ABSTRACT

Speech is crucial for effective communication; it not only conveys the content but also the context and intent behind the speech. Emotional speech has a variety of applications in Human Machine Interaction (HMI). The paper proposes a word-level algorithm to transform a neutral Kannada speech sentence into a target emotional speech sentence. For segmentation of speech dynamic thresholding technique with Short-Time Zero Crossing Rate (STZCR), Short-Time Energy (STE), intensity, and Spectral Centroid (SC) are used. The Gaussian Regression Model (GRM) and Gaussian Normalization Model (GNM) are used in predicting the pitch of target emotional speech, and the Discrete Wavelet Transform (DWT) is used to modify the spectral energy of neutral speech. Objective and subjective tests are carried out to evaluate the expressiveness of the proposed method.

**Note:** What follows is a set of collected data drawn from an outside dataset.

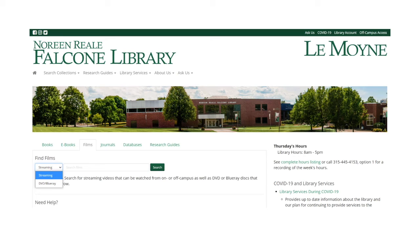The last way you can search for films is to click on the Films tab from the library homepage. When you click on the Films tab, again you have the option to choose whether you'd like to watch a streaming or DVD video. Enter in either the subject or the title and click search.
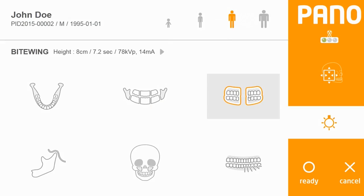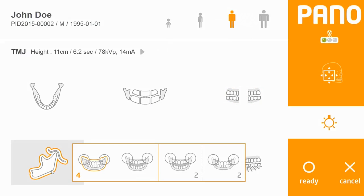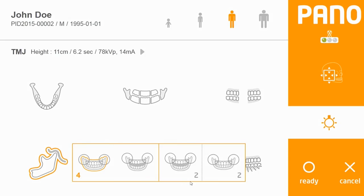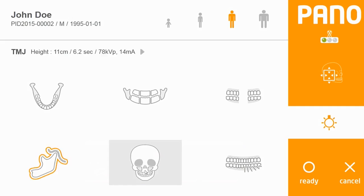To the right is the external bite wing option. Below the standard panoramic option is a two-dimensional TMJ acquisition. This lets you take one or two rotations around the patient. Choosing two rotations will scan the patient's right joints open and close next to each other, and their left joints as well.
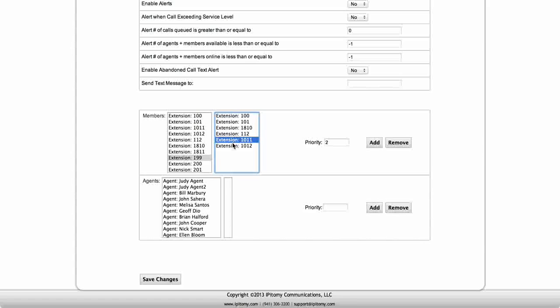So that's your basic programming for call groups. Again refer to the wiki if you have any more questions and thank you for attending this Epitome training video.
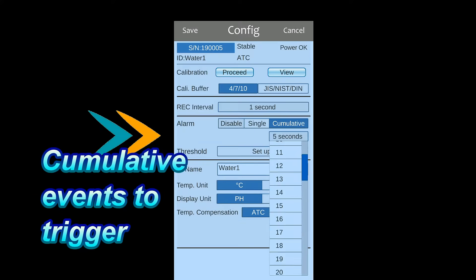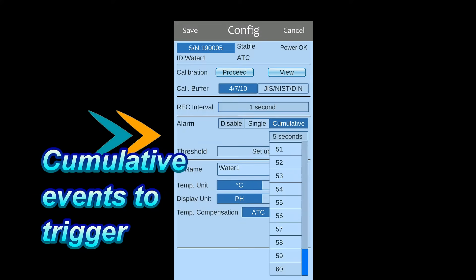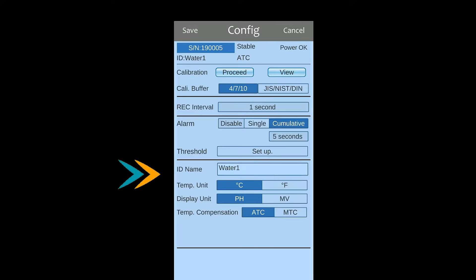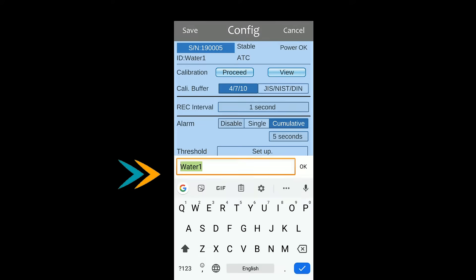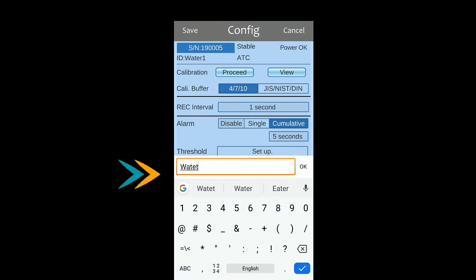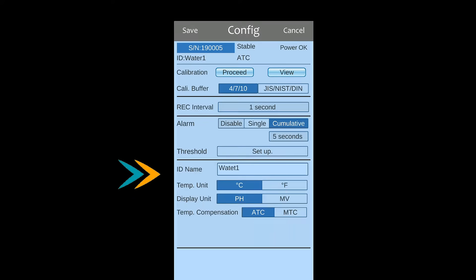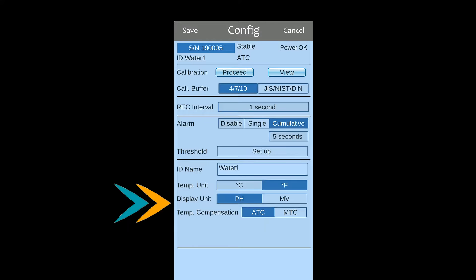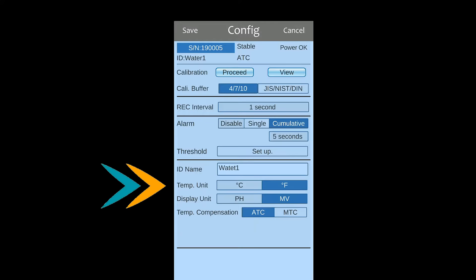While choosing cumulative, select the time. Enter 6 characters as device name. Choose PH or MV as PH value unit. Choose metric or imperial as temperature unit.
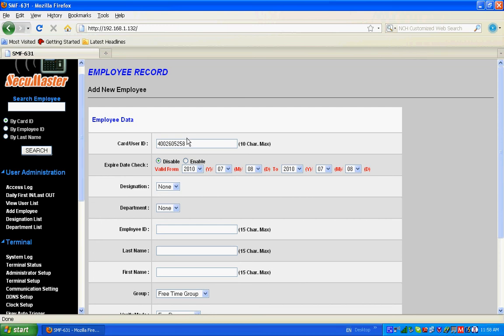Then you can give the employee ID like 001, and the name may be test, and time group free time group. If you don't want any changes in the group, you just select free time group.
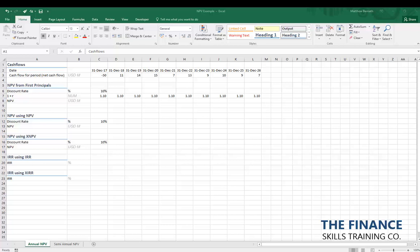What we're going to have a look at now is how to calculate the Net Present Value or NPV and the Internal Rate of Return or IRR in Excel. Looking at this NPV Example Workbook, we've got two worksheets: one that has cash flows on an annual basis and one that has cash flows on a semi-annual basis, so we can see the difference between how we'd calculate NPV and IRR for each.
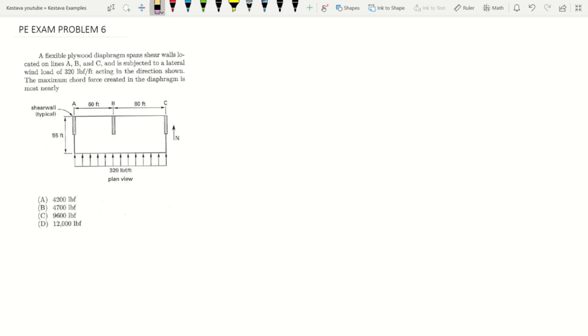What's up team Kesteva, we have another midweek mini for you, an example problem for the PE exam. Let's jump in. This one is obviously structural specific, let's get going. We have a flexible plywood diaphragm that spans shear walls.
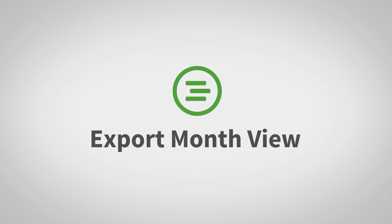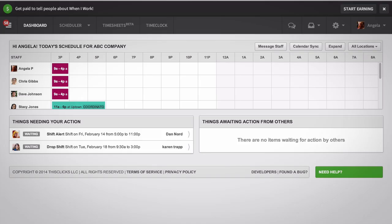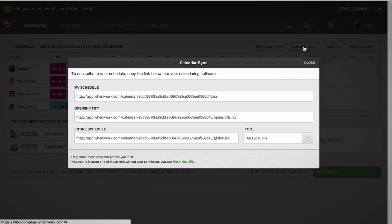So many of our prospects ask if there is a month view for When I Work. The simple answer is yes. You can easily see a month view by clicking on calendar sync and highlighting the link you want to use.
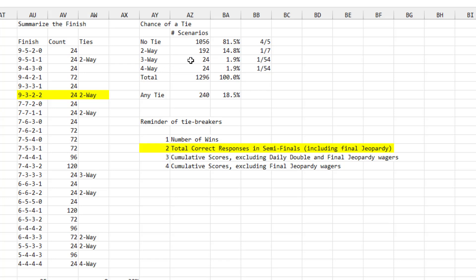And it could have been worse. There's 2% of the time there would have been a three-way tie and 2% of the time there would have been a four-way tie. Now, the reminder of the tiebreakers, it's number of wins. And in this case, in the semifinals, neither had a win. And then it came down to this total correct responses in the semifinals, including Final Jeopardy. And Mateo won with 50 correct answers and Andrew only had 45.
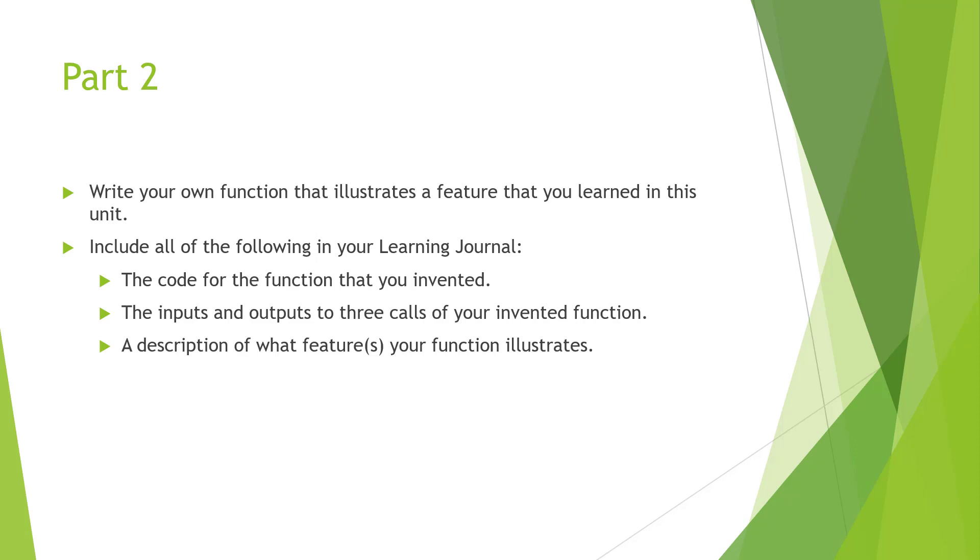Part 2 will be writing your own function that illustrates the ability that you can write a function. You're going to include the code of the function, the input and output of the three calls you invented, and a description of the features of your function does.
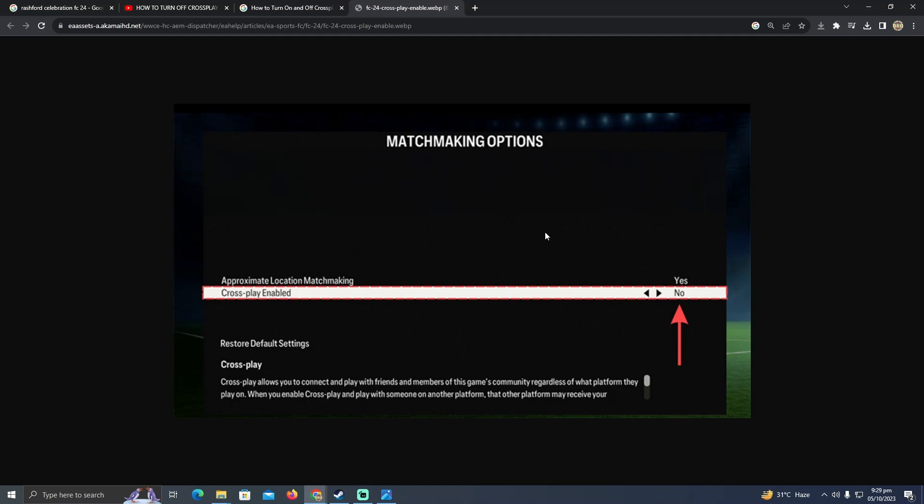So suppose if you're a PlayStation player, if you turn this on—no, what it will do is it will only let you play with PlayStation players. But if you want to play with PC or Xbox players, you just need to turn it off. So that's pretty much it, that's how you can turn on and off the crossplay option in FC24. Hope you guys find this video helpful.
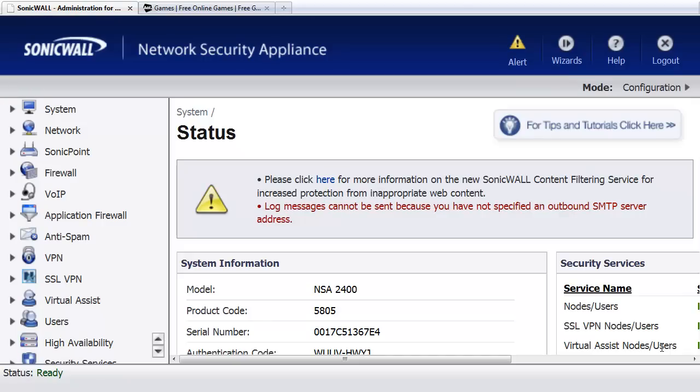In this video, I'm going to show you how you can use a SonicWall Firewall appliance to quickly and easily block a network user from accessing a certain website on the internet.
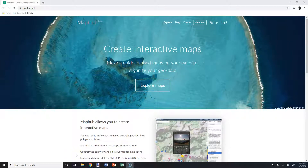Hello, this is Coach Wilson, and this is going to be an introduction to MapHub, because apparently our administrators have not given you access to Google My Maps, so we're going to try this. If this doesn't work, then Coach Wilson is going to assign a new assignment.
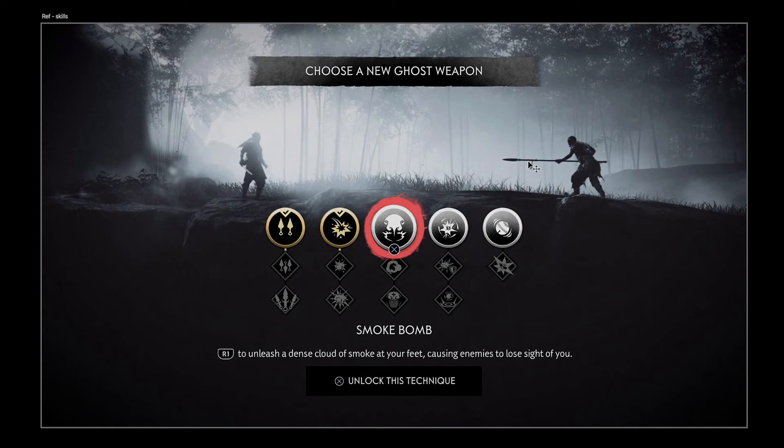Hello guys, welcome back! Today we are going to work on another UI design, and this time it's Ghost of Tsushima. As always, I'm going to share the PSD file with you so you can pick it apart and have a little play with it. My only request is that when the video reaches 100 likes, that's when I'm going to share the link to the PSD file. Let me know in the comments what you'd like to see next.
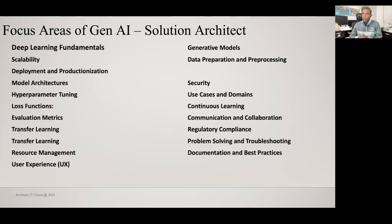That's all about the focus areas of a generative AI solution architect. Keep focusing on these areas and learn about new advancements in generative AI to help your organization solve business use cases. There are plenty of materials available on IBM Watson, AWS, Azure, and Google Cloud sites. If you liked this video, give a thumbs up and share it with your friends. Take care, bye.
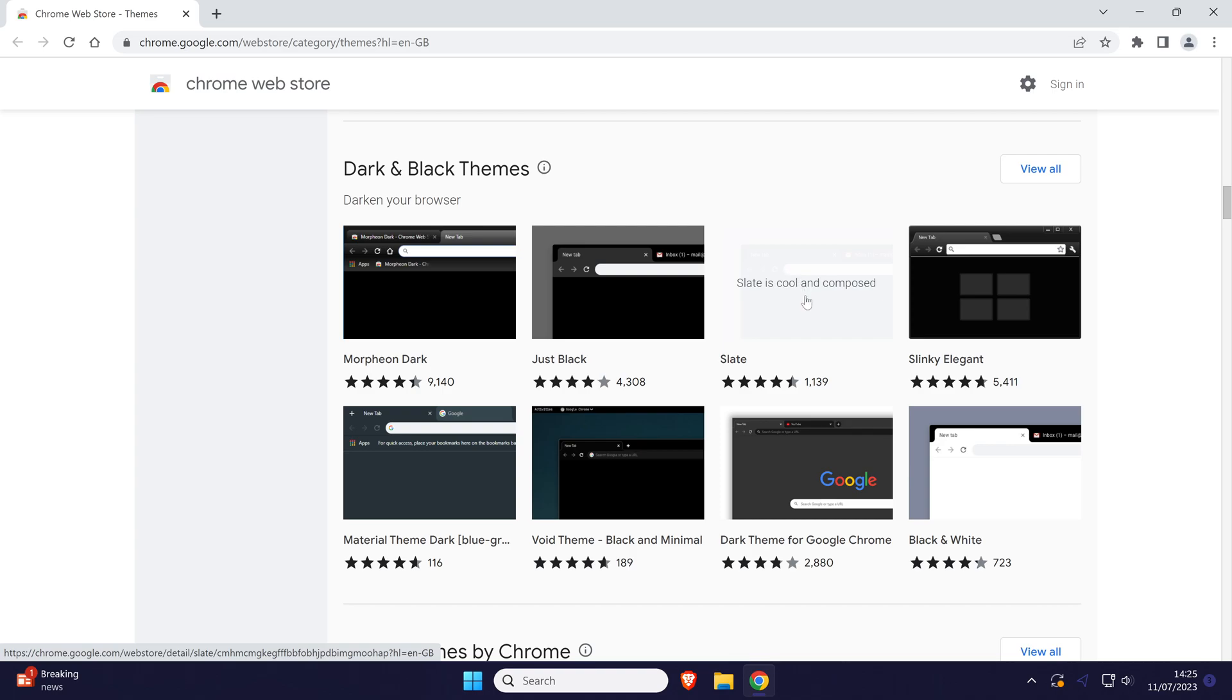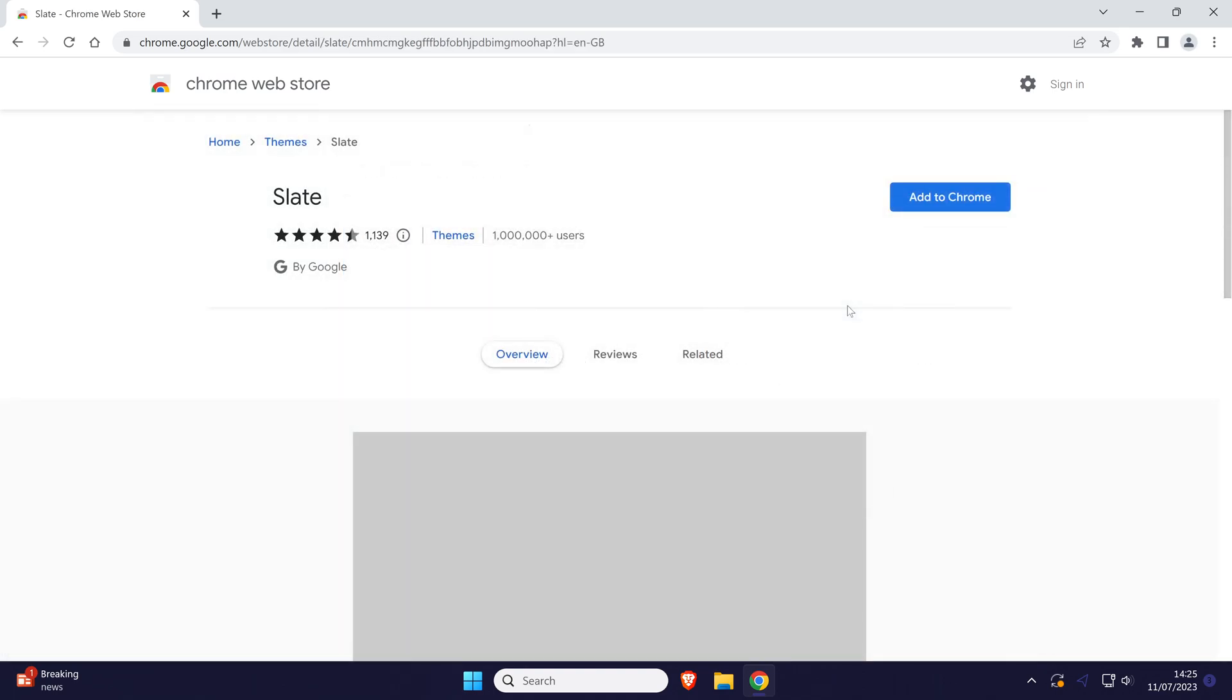Once you've found one, select it and then click on the blue add to Chrome button. It should now apply the theme and you can see how it looks.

The findings indicate a noteworthy rise in the Emotion Recognition Rate (ERR) and Mean Opinion Score (MOS). Using the GRM approach, the transformation of happiness and sadness yields an ERR of 84.9% and 89.8%, respectively. Using the GNM approach, the transformation of anger and fear yields an ERR of 82.87% and 84.9%, respectively. The results obtained were compared with some of the existing methods, and it was observed that the results are satisfactory.